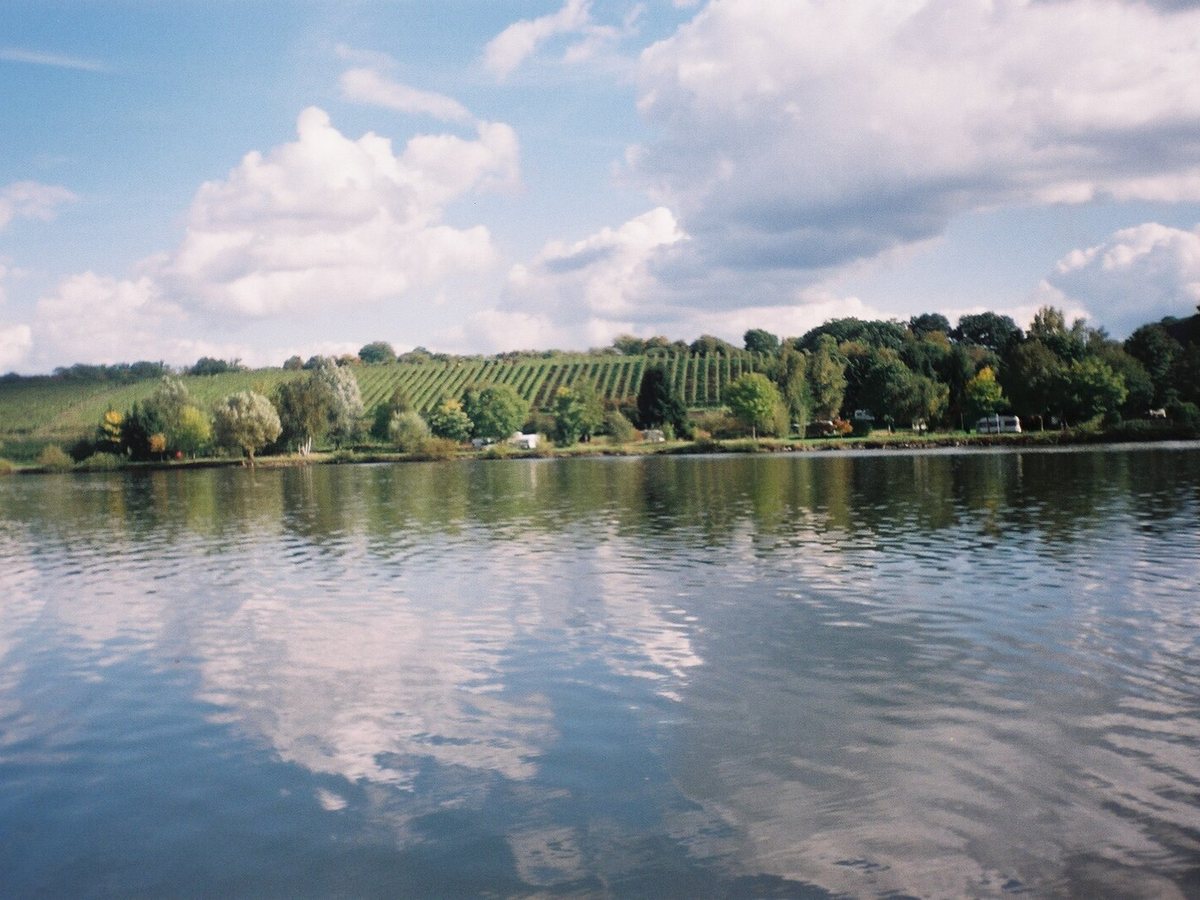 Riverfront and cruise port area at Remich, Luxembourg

━━━━━━

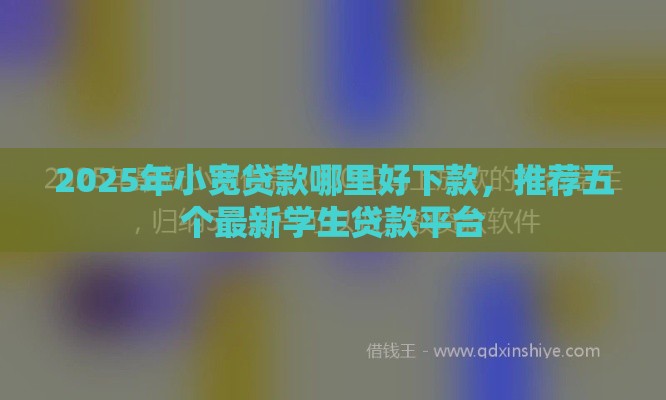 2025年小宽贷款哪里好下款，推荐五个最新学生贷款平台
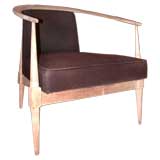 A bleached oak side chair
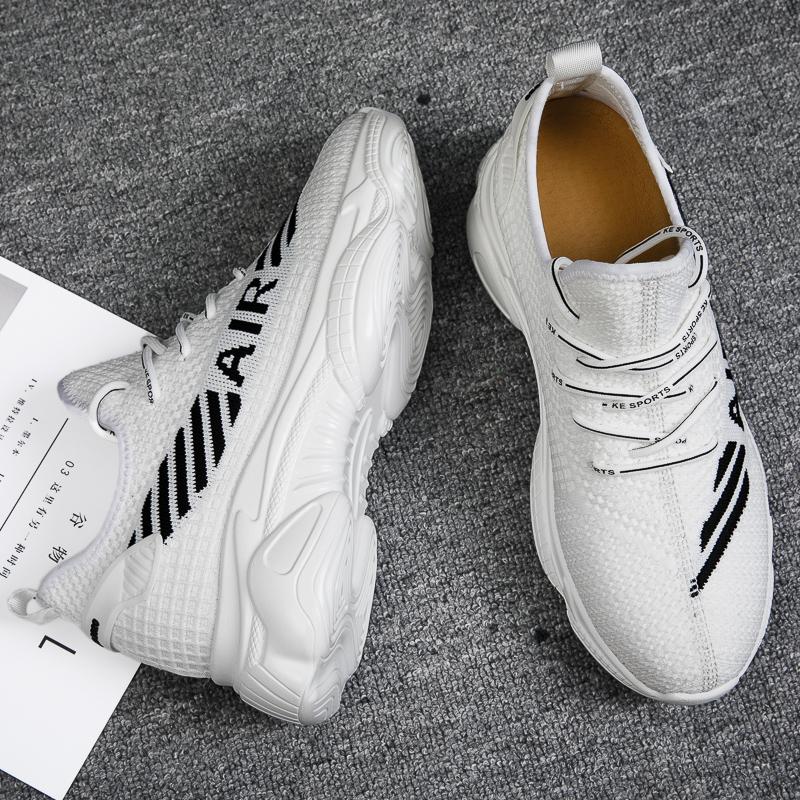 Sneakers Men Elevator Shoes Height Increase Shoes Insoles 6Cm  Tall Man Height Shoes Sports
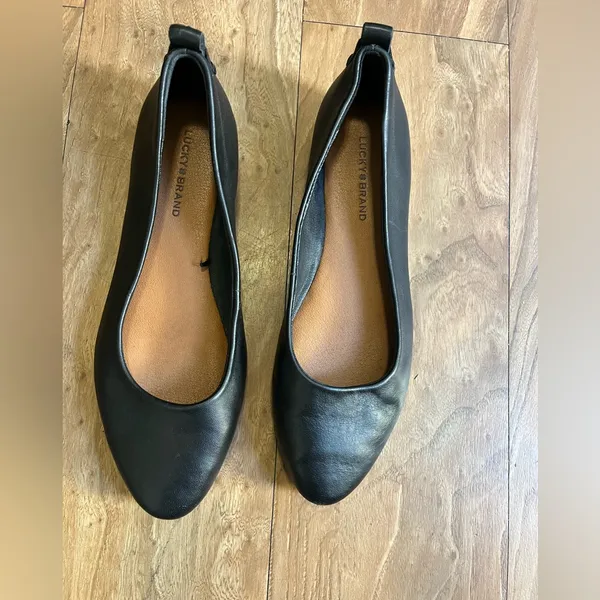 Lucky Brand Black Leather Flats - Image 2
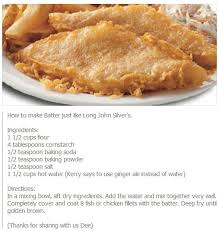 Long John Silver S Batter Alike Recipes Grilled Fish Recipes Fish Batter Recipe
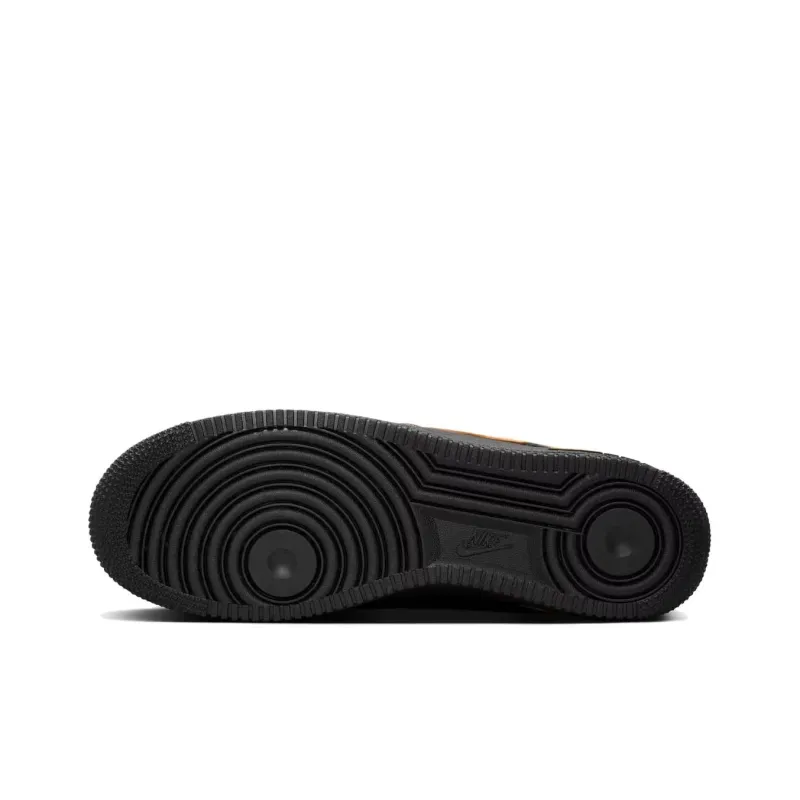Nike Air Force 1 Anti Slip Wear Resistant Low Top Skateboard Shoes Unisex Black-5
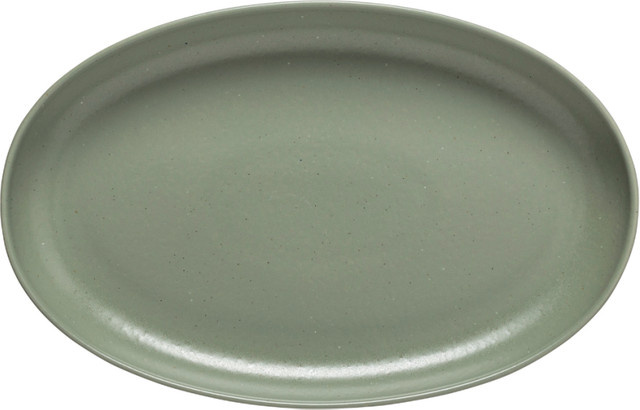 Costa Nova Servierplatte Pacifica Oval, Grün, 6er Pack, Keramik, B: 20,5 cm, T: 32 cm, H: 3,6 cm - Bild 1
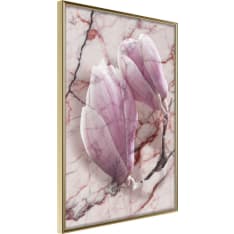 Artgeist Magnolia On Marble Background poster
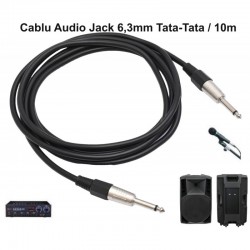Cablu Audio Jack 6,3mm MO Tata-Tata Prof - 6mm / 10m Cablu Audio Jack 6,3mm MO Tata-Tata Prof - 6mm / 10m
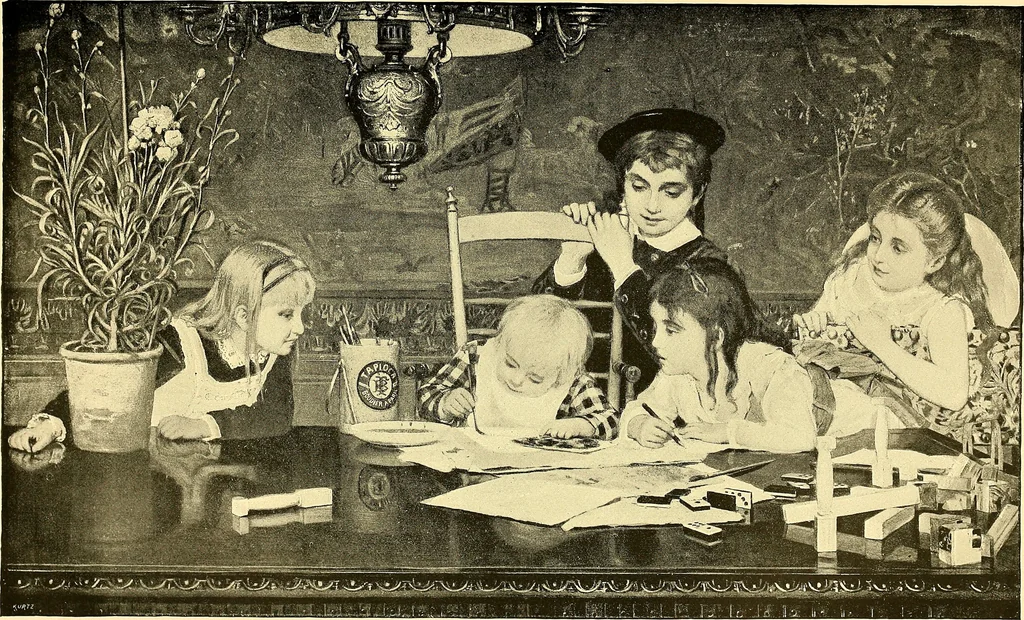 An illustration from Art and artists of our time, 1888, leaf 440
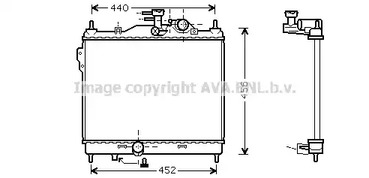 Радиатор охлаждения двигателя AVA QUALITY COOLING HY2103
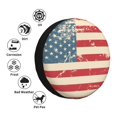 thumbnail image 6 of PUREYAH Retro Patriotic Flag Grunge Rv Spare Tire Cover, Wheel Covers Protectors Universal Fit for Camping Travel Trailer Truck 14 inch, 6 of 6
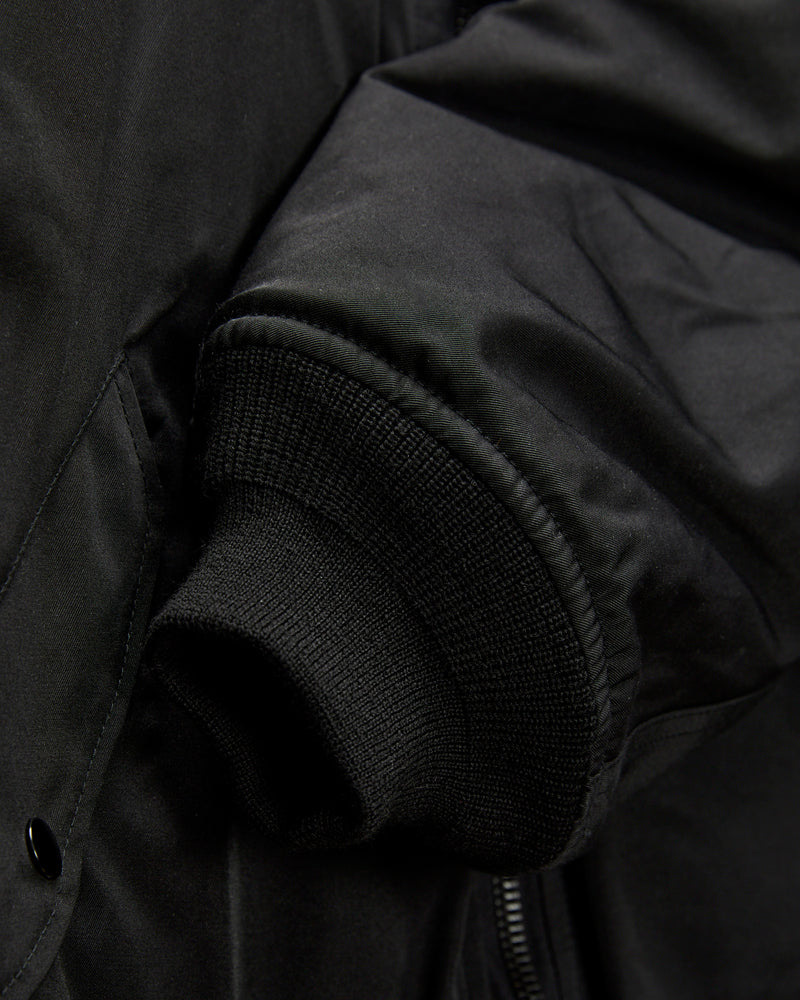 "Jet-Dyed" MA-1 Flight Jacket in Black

━━━━━━

• WORK ORDER:
Transcribe only the lines above that start at the line containing "Costa Nova Servierplatte" and end at the line containing "Jacket in Black". Omit pictures.

• SOLUTION BELOW:
 Costa Nova Servierplatte Pacifica Oval, Grün, 6er Pack, Keramik, B: 20,5 cm, T: 32 cm, H: 3,6 cm - Bild 1
 Artgeist Magnolia On Marble Background poster
Cablu Audio Jack 6,3mm MO Tata-Tata Prof - 6mm / 10m Cablu Audio Jack 6,3mm MO Tata-Tata Prof - 6mm / 10m
 An illustration from Art and artists of our time, 1888, leaf 440
 Радиатор охлаждения двигателя AVA QUALITY COOLING HY2103
 thumbnail image 6 of PUREYAH Retro Patriotic Flag Grunge Rv Spare Tire Cover, Wheel Covers Protectors Universal Fit for Camping Travel Trailer Truck 14 inch, 6 of 6
 "Jet-Dyed" MA-1 Flight Jacket in Black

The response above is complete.